United Way measures success in how lives are changed, and they do not do this work alone. In addition to working with local corporations, businesses, nonprofits, foundations and individuals, they partner with 26 dedicated nonprofits and invest in quality programs that show measurable outcomes every year. Together, they create new solutions to pressing problems and join with people from all walks of life to put those solutions into action.

“Our partner agencies continue to inspire us through the incredible work they do to support our neighbors in need of help,” shared Beth Sorenson Prince, United Way’s Director of Impact. “They are the champions of care in our community, and have the most generous hearts. We are so grateful for them being a network of support for our community, families, friends and neighbors.”

United Way listens, asks questions and analyzes data to ensure that their issue areas are aligned with the most pressing needs. Dollars are invested in programs in the areas of Youth Success, Health and Household Stability because change is bigger than a single organization or program.

“One thing that many don’t realize is that a team of volunteers determine allocations each year,” shared Kim Stuhler, Associate Director of Community Impact. “Each year our volunteer panels devote over 20 hours each to reviewing applications, assessing outcomes and posing questions to our partners. Based on what they learn, they make funding recommendations to the United Way board.”
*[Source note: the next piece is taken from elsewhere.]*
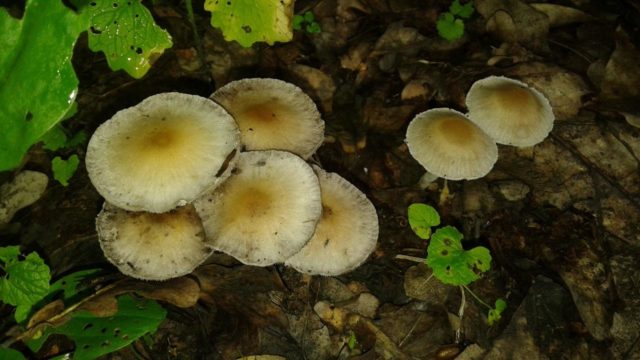 Psatirella Candolla: description and photo, edibility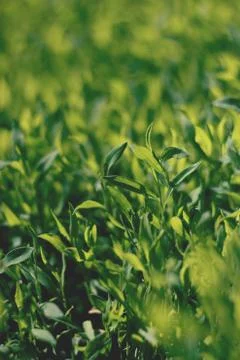 Abstract image of green grass under bright sunlight.Selective focus, film eff Stock Photos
The allocation process is best-in-class and digs deep into the funded programs to ensure that there is a high level of accountability and that all investments demonstrate measurable impact in the community. United Way’s Community Impact Strategy Team also explores gaps in health and human service needs and makes suggestions for other impact projects and potential gaps areas.

To ensure non-profit sustainability in the face of increased demands, the United Way of Midland County voted to invest an additional $134,746 from their Endowment in support of partner agency programs in 2023.

To see the entire list of partner agencies and programs they support, visit Our Partners page.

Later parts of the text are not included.